[Source records]
-------------------------

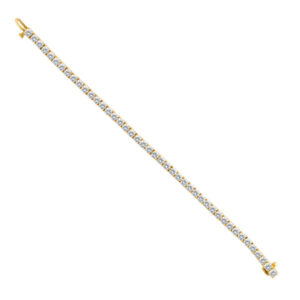 Diamond line bracelet in 14k yellow gold.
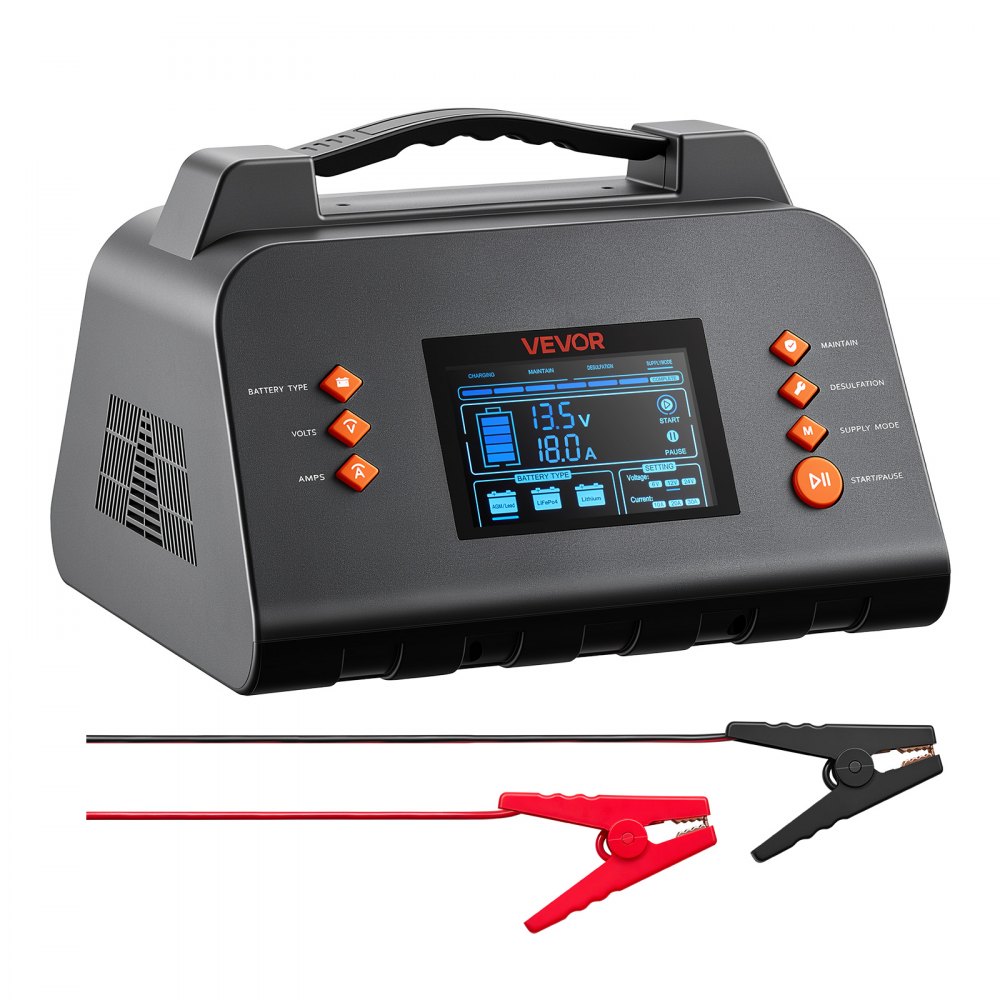 VEVOR Smart Acculader 30 A 6/12/24 V voor LiFePO4 loodzuuraccu's, lader voor auto's, campers, vrachtwagens en boten, met 7-traps laadproces, pulsontzwaveling, LCD-display en overspannings- en omgekeerde polariteitsbeveiliging.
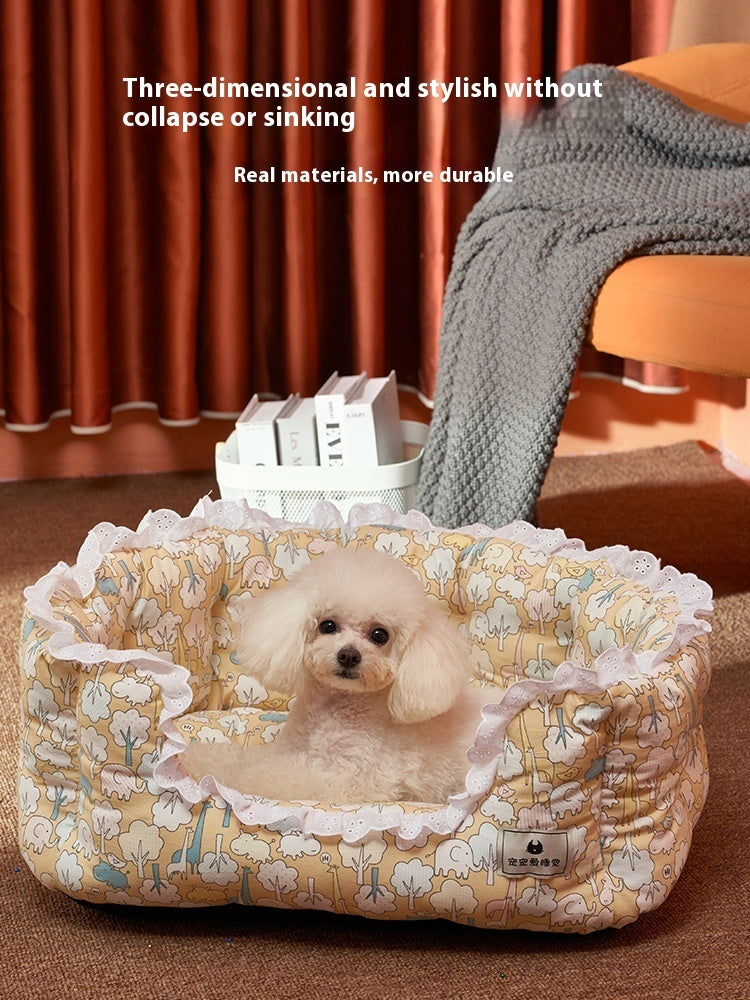 HKM-808083 Removable and Washable Dog Sofa in Gray Floral, Yellow Forest, and Cream Plaid Options
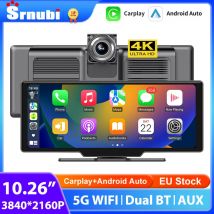 Srnubi 10.26 pollici 4K Dash Cam Wireless CarPlay Android Auto Cruscotto Auto DVR Registrazione Video Visione Notturna Navigazione GPS BT AUX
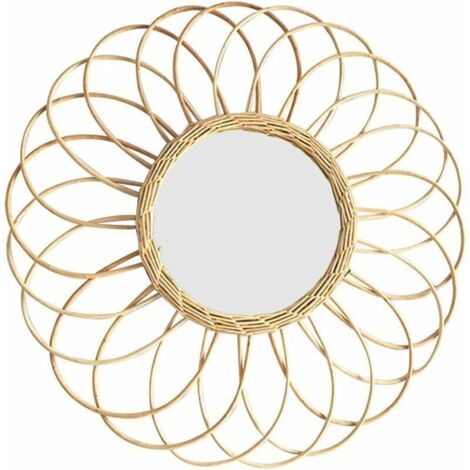 Wall mirror rattan lace mirror round mirror decorative mirror suitable for apartment children's room children's room (1/5)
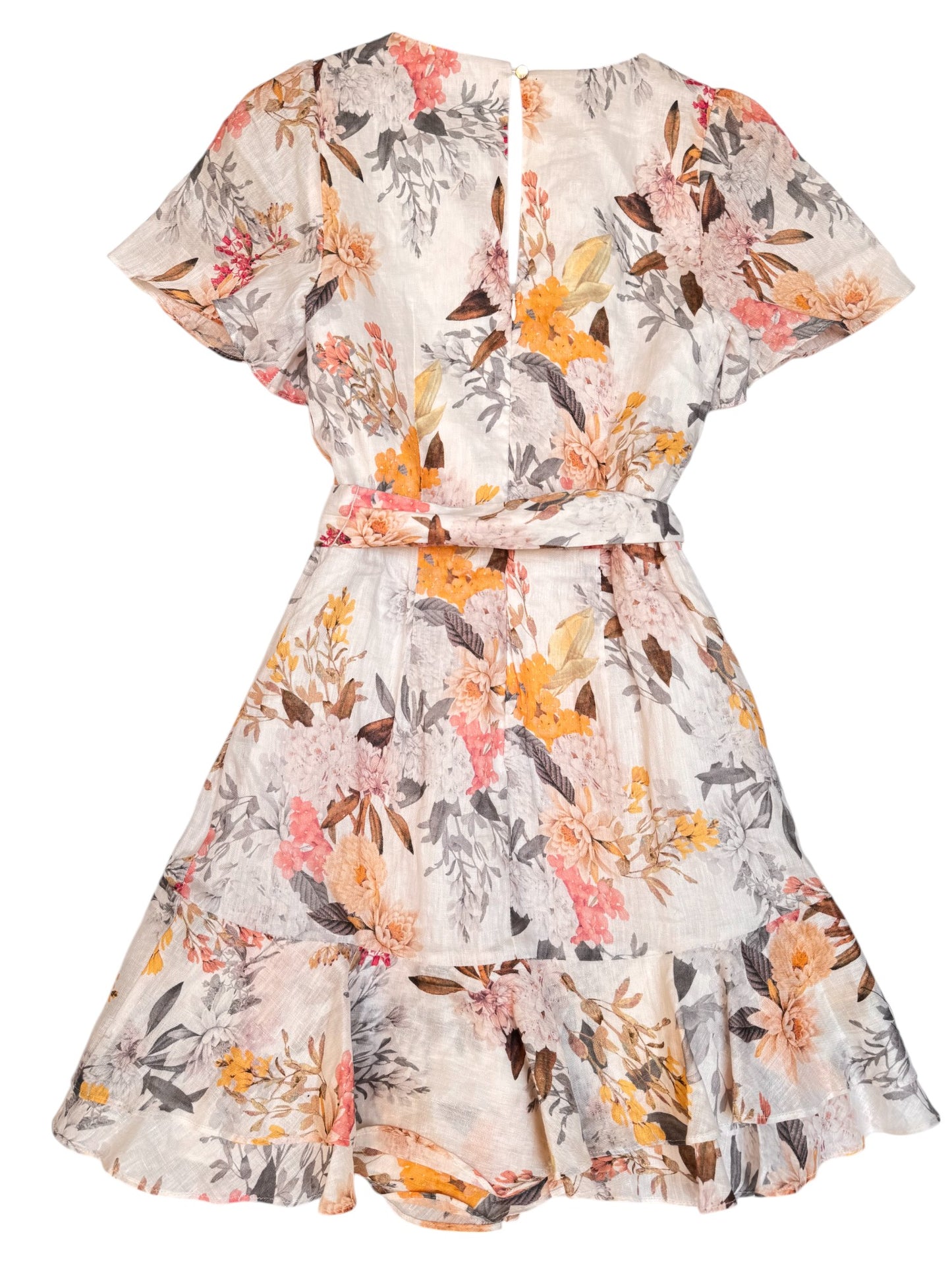 Portmans Luxe Linen Floral Flounce Dress – with Belt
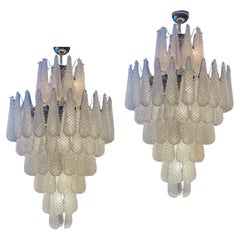 Pareja de enormes arañas de Murano al estilo de Venini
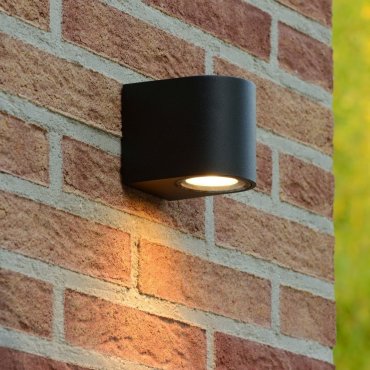 Lucide Zora Round 1 - applique murale extérieure - 6,5 x 9 x 8 cm - 5W LED dimmable inclus - IP44 - noir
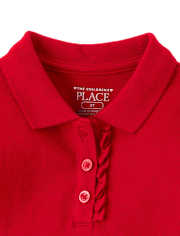 Polo d'uniforme en piqué à volants pour toute-petite fille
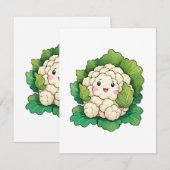 Kawaii Cauliflower Begleitkarte (Vorne/Hinten)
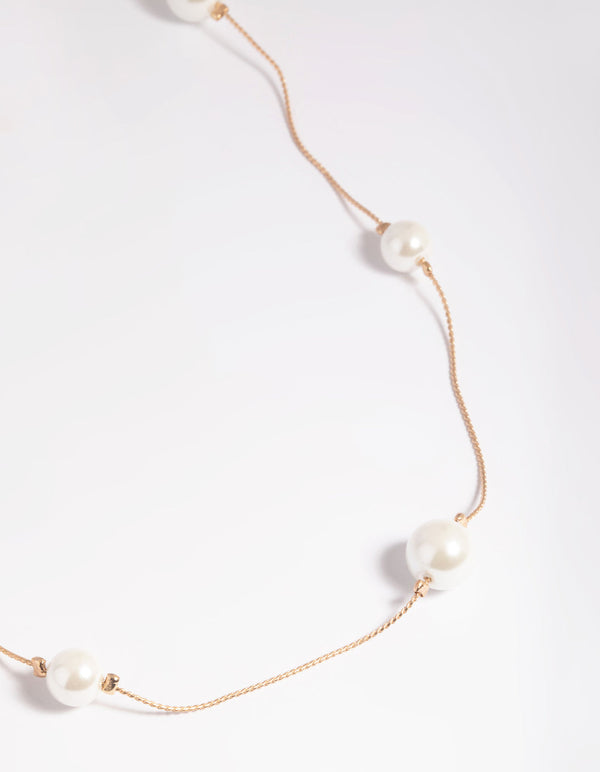 Gold Suspended Pearl Long Necklace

-------------------------

## ASSIGNED TASK
Repeat the lines above precisely and skip every picture.

## RESULT FOR THIS TASK
 Diamond line bracelet in 14k yellow gold.
 VEVOR Smart Acculader 30 A 6/12/24 V voor LiFePO4 loodzuuraccu's, lader voor auto's, campers, vrachtwagens en boten, met 7-traps laadproces, pulsontzwaveling, LCD-display en overspannings- en omgekeerde polariteitsbeveiliging.
 HKM-808083 Removable and Washable Dog Sofa in Gray Floral, Yellow Forest, and Cream Plaid Options
 Srnubi 10.26 pollici 4K Dash Cam Wireless CarPlay Android Auto Cruscotto Auto DVR Registrazione Video Visione Notturna Navigazione GPS BT AUX
 Wall mirror rattan lace mirror round mirror decorative mirror suitable for apartment children's room children's room (1/5)
 Portmans Luxe Linen Floral Flounce Dress – with Belt
 Pareja de enormes arañas de Murano al estilo de Venini
 Lucide Zora Round 1 - applique murale extérieure - 6,5 x 9 x 8 cm - 5W LED dimmable inclus - IP44 - noir
 Polo d'uniforme en piqué à volants pour toute-petite fille
 Kawaii Cauliflower Begleitkarte (Vorne/Hinten)
 Gold Suspended Pearl Long Necklace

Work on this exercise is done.